Long-stopped EC2 instances: the basics
Why "stopped" doesn't mean "safe"
When you stop an EC2 instance, AWS shuts down the OS, releases the underlying host capacity, and stops charging you for compute. The instance record stays in your account along with its attached EBS volumes, network interfaces, tags, and IAM instance profile — frozen in time at the moment it stopped. Restarting the instance brings it back exactly as it was: same kernel, same packages, same secrets, same AMI baseline.
That "exactly as it was" is the problem. An instance stopped for six months has missed six months of security patches. Its baked-in IAM credentials, SSM agent version, OS package signatures, and TLS root store are all six months stale. The AMI it was launched from may have been deregistered or marked as deprecated by the vendor. If something in your fleet auto-starts it for a one-off test or a stuck pipeline reruns it, you've just put an unpatched, unmonitored host on your network.
AWS Security Hub flags this pattern under control EC2.4 — "Stopped EC2 instances should be removed after a specified time period." The default threshold is 30 days; the rationale is hygiene as much as cost. After 30 days the instance has either been deliberately preserved (rare, usually a one-off forensic snapshot) or quietly abandoned (the common case). Either way it deserves a decision, not an indefinite limbo.
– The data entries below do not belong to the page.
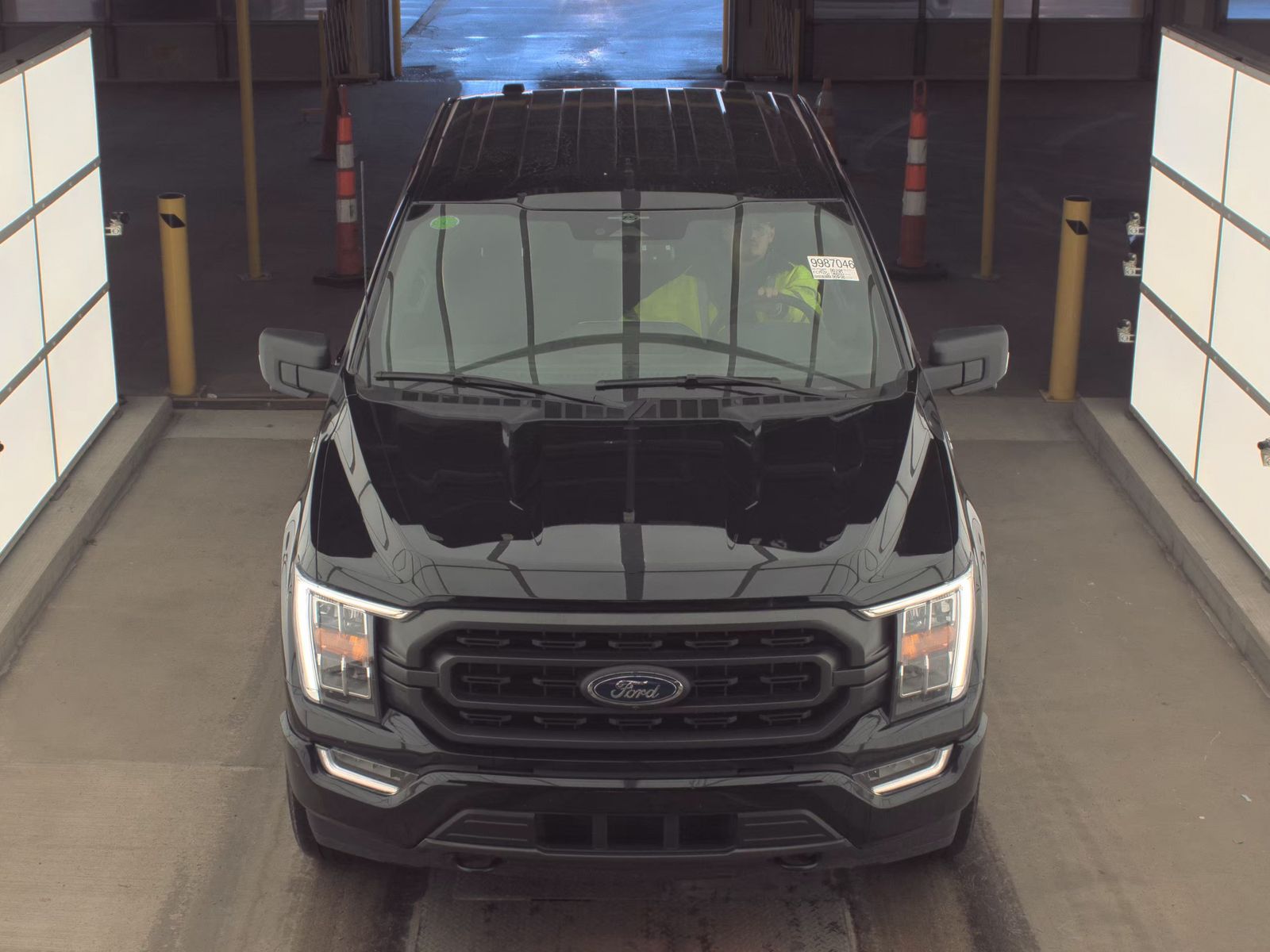 2023 Ford F-150 Hybrid XLT AWD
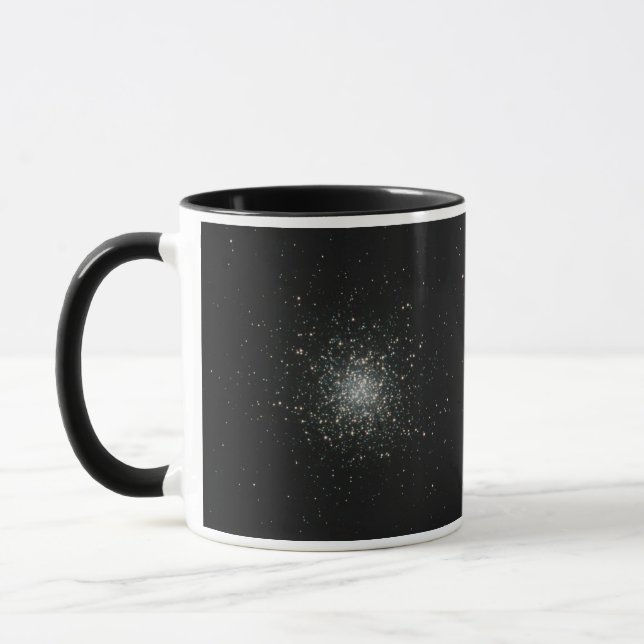 Hercules Cluster Messier 13 Tasse (Links)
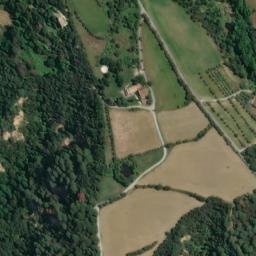 Satellite imagery of Castell de Montclús, ES
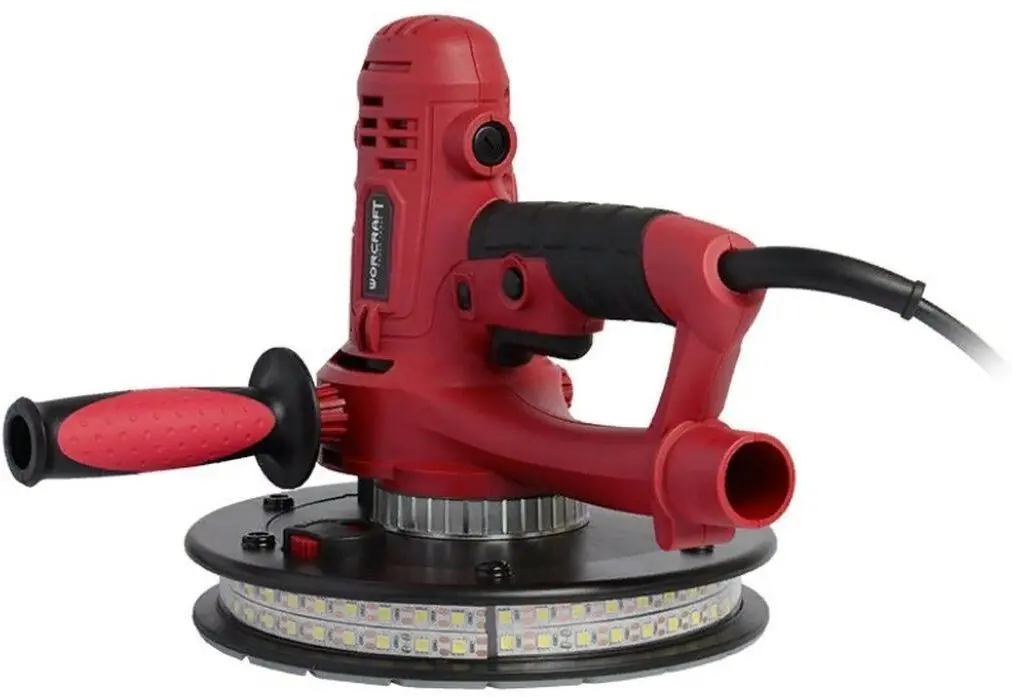 Masina de slefuit Worcraft 1130510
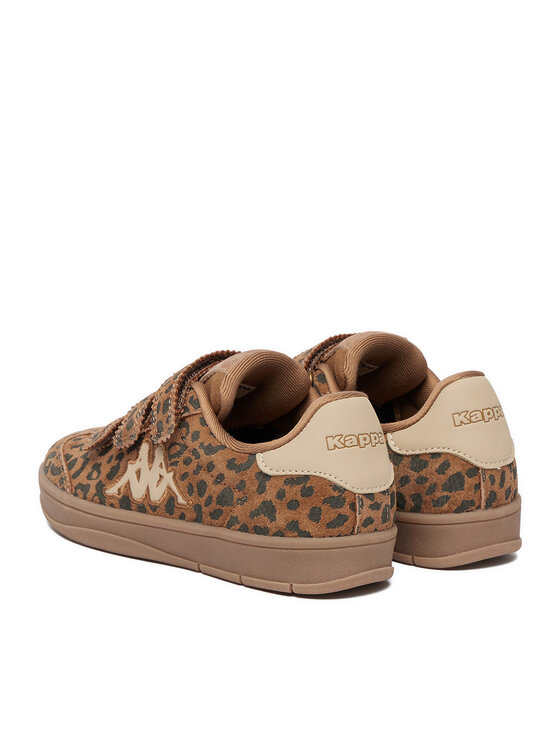 Kappa Sneakers Kappa CEO-CP40-OLC-258084N(DZ) Marrone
In this lesson you'll learn how to identify long-stopped EC2 instances, how to tell abandoned from intentionally-preserved, and how to safely retire them without losing data anyone still cares about. You'll see the AWS CLI investigation pattern, a decision matrix for what to do per instance, and a snapshot-then-terminate flow that leaves you with recoverable artifacts if you ever need them back.
The 4am restart that wasn't
In one well-known retrospective, a SaaS company traced a 4am outage to an instance that had been stopped for 14 months. A misconfigured Auto Scaling group, after a cooldown timer fired, picked the stopped instance to "replace" a healthy one and started it up. It came back running an OS three major versions behind, pulled bad config from a deprecated S3 bucket, and answered traffic for 11 minutes before health checks killed it. The fix was one line — but the lesson was: stopped is not deleted, and AWS will happily turn it back on for you.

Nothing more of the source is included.